Based on an analysis of the reconstructions and comparisons to alligators and birds, the closest living relatives of pterosaurs, Witmer and colleagues suggest in the October 30 issue of the journal Nature that the ancient flying reptiles had eagle-like eyesight and precision flight control.
These skills, said Witmer, allowed pterosaurs to lock their gaze on prey as they performed complex aerial maneuvers to make the kill.
"The new work clarifies several aspects of pterosaur neural anatomy and prompts some startling new ideas regarding their locomotion and behavior," writes David Unwin, a paleontologist at the Museum of Natural History in Berlin, Germany, in an accompanying article.
First to Fly
Pterodactylsthe common name for pterosaurslived alongside dinosaurs during the Mesozoic, about 251 to 65 million years ago. They ranged in size from a few inches to over 40 feet (12 meters) in wingspan and were the first of only three vertebrates to evolve flight.

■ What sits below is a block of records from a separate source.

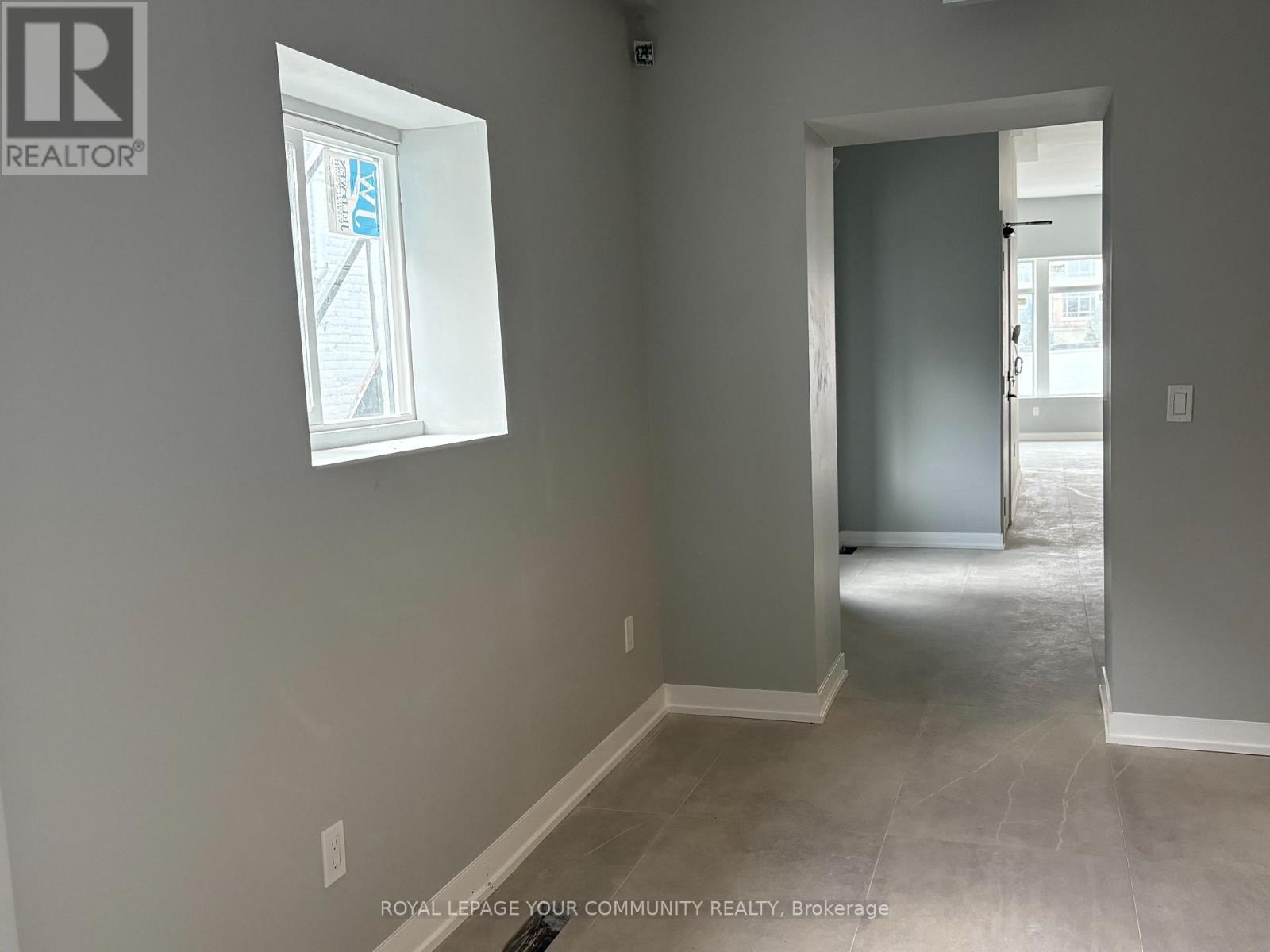 Main - 9 Wellington Street E, Aurora, Ontario  L4G 1H4 - Photo 6 - N12452853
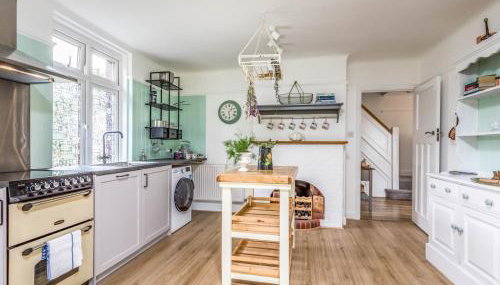 Pretty Three Bedroomed home near the Beach - Pass the Keys - Foto 2, stove, dishwasher, pet friendly, toaster, minibar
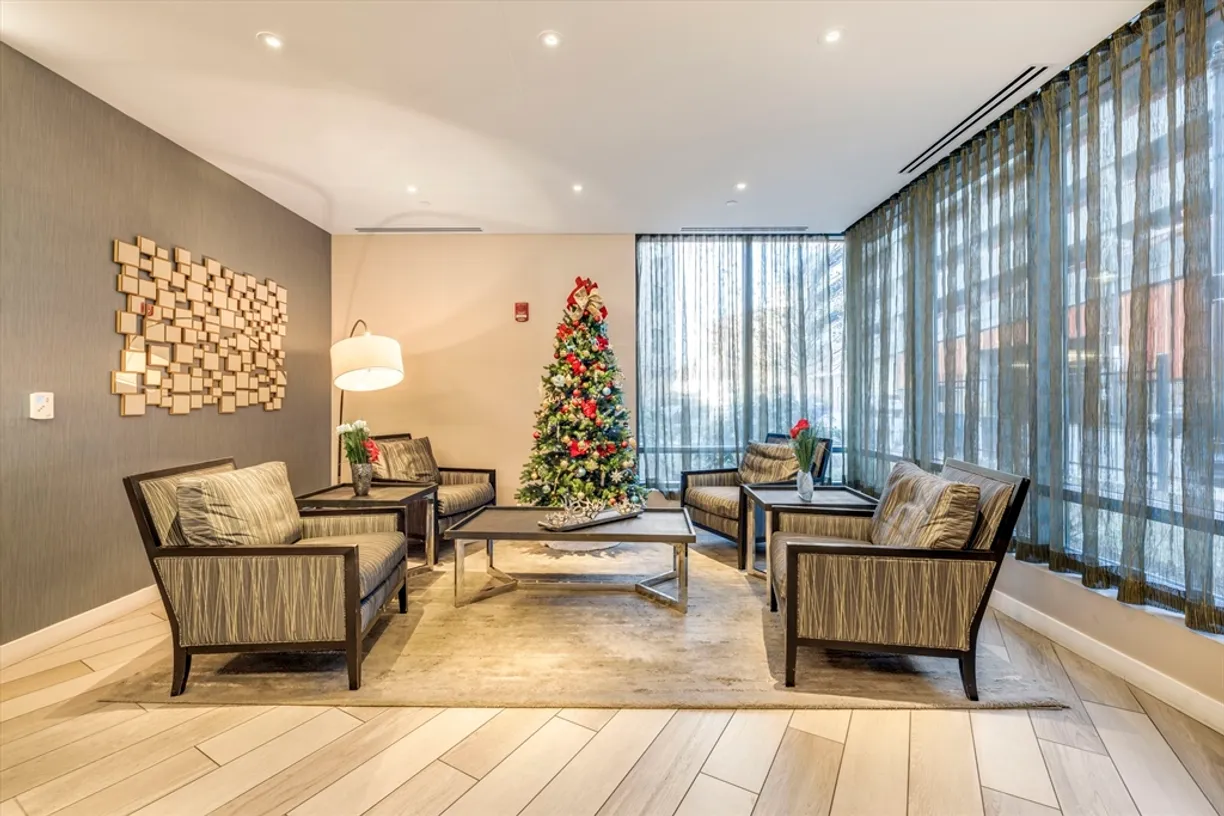 Boston, MA Real Estate | View 80 Fenwood Road, 807 | 1 Bed, 1 Bath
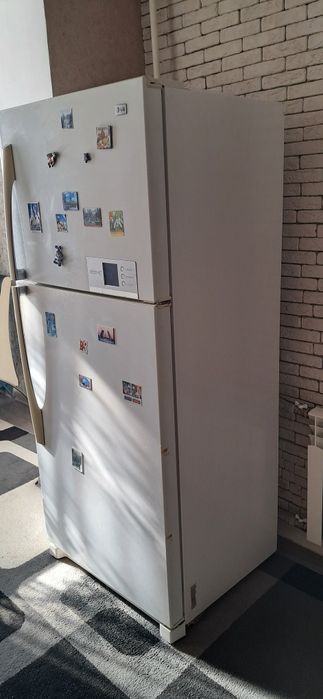 Продам холодильник L/G б/у в хорошем состоянии
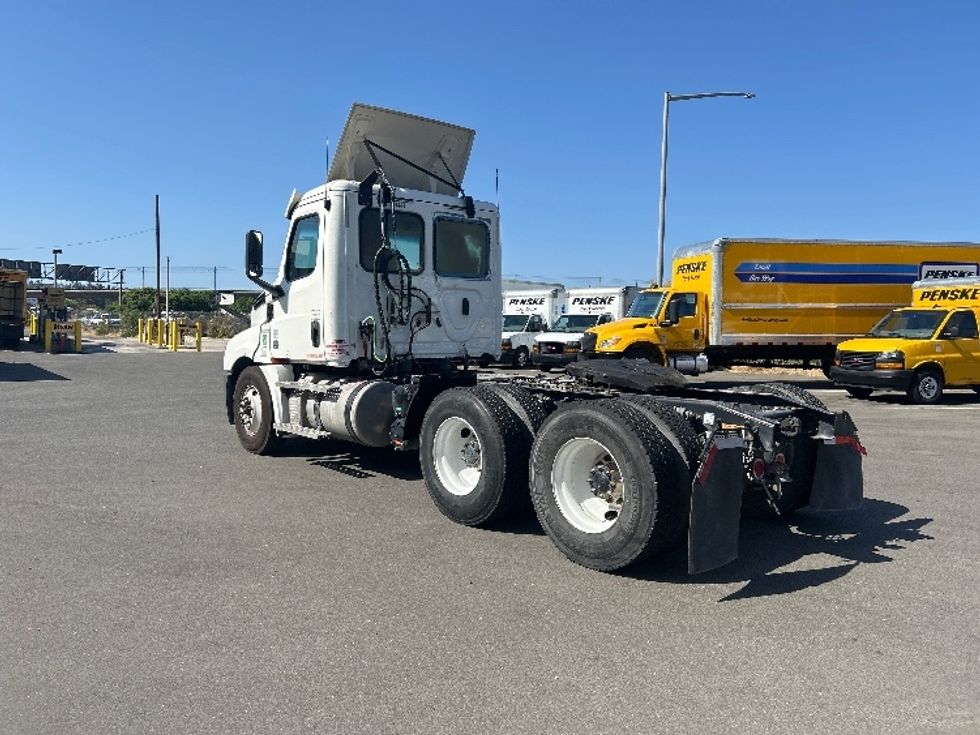 Day Cab Tractor-Heavy Duty Tractors-Freightliner-2020-T12664ST-Fontana-CA-362,827\n\t\tmiles-$ 51,250 - Image 5
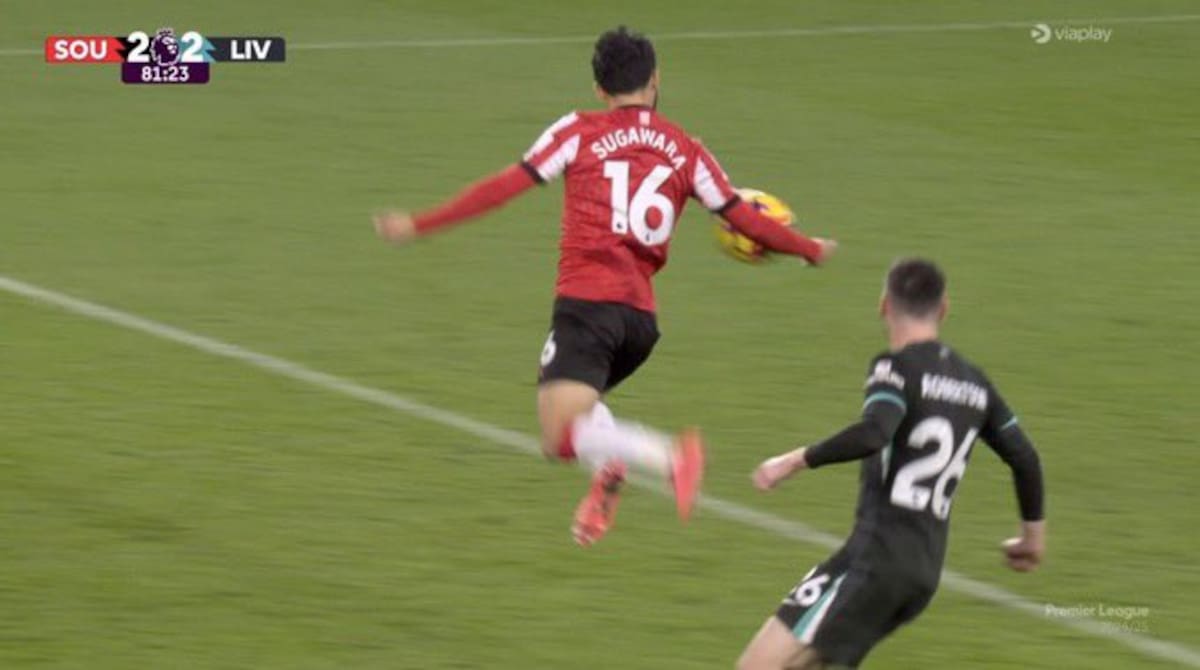 La mano de Sugawara que significó el penal con el que Liverpool ganó 3-2.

Birds, close cousins of pterodactyls, are believed to have evolved from theropod dinosaurs about 150 million years ago. Bats are mammals thought to have evolved from shrew-like creatures about 50 million years ago.
Morphologically, pterosaurs were a diverse lot, according to Christopher Bennett, a pterosaur expert at the University of Bridgeport in Connecticut. "They certainly beat out birds on the weird and bizarre scale, what with their extremes of size and large and varied cranial crest display structures," he said.
Scientists have long been intrigued by how pterosaurs flew, but their fossils are rare and often crushed owing to their delicate nature: hollow and lightweight.
Witmer's colleagues, Sankar Chatterjee at Texas Tech University in Lubbock and Jonathan Franzosa and Timothy Rowe at the University of Texas, Austin, recently obtained nearly intact skulls of two pterosaurs: Rhamphorhynchus and Anhanguera.
Rhamphorhynchus had a 3-foot (1-meter) wingspan and 4-inch-long (10-centimeter-long) skull and lived about 150 million years ago in what is now Germany. Anhanguera had a 14-foot (4-meter) wingspan and 20-inch (50-centimeter) skull and lived 115 million years ago in what is now Brazil.